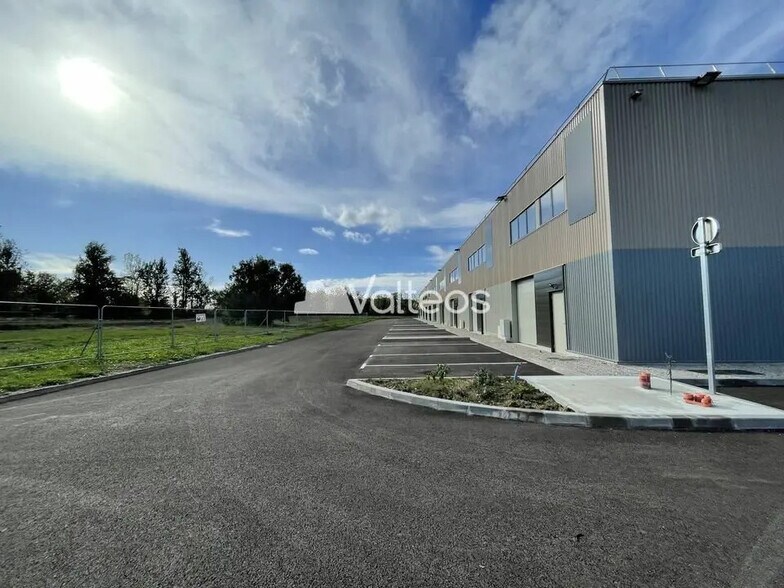 Flex in Montauban for sale - Building Photo - Image 2 of 6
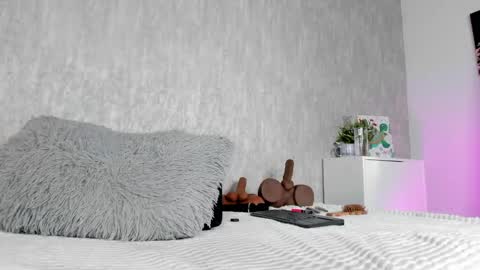 emmazc_ online show from April 22, 8:06 pm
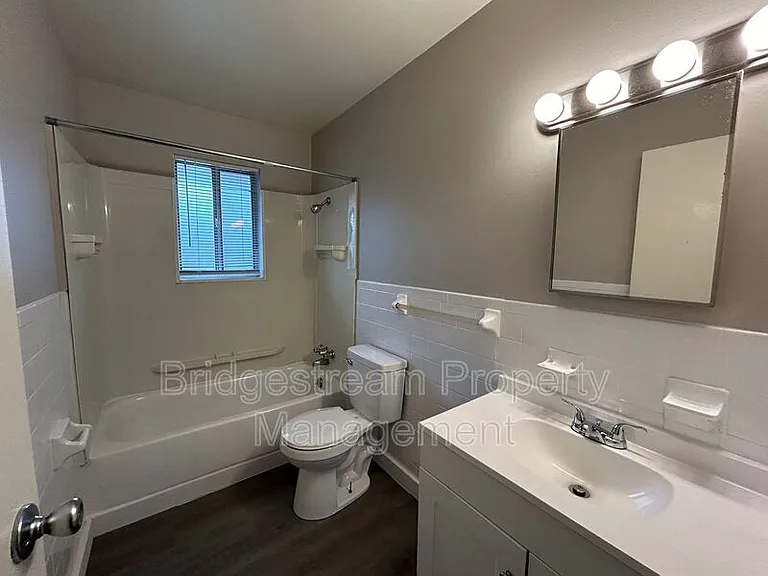 7837 N Main St #6 — Photo 6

.....

EXERCISE OBJECTIVE >> Could you return the listing above exactly, minus its pictures?

RESPONSE >>
 Flex in Montauban for sale - Building Photo - Image 2 of 6
 emmazc_ online show from April 22, 8:06 pm
 7837 N Main St #6 — Photo 6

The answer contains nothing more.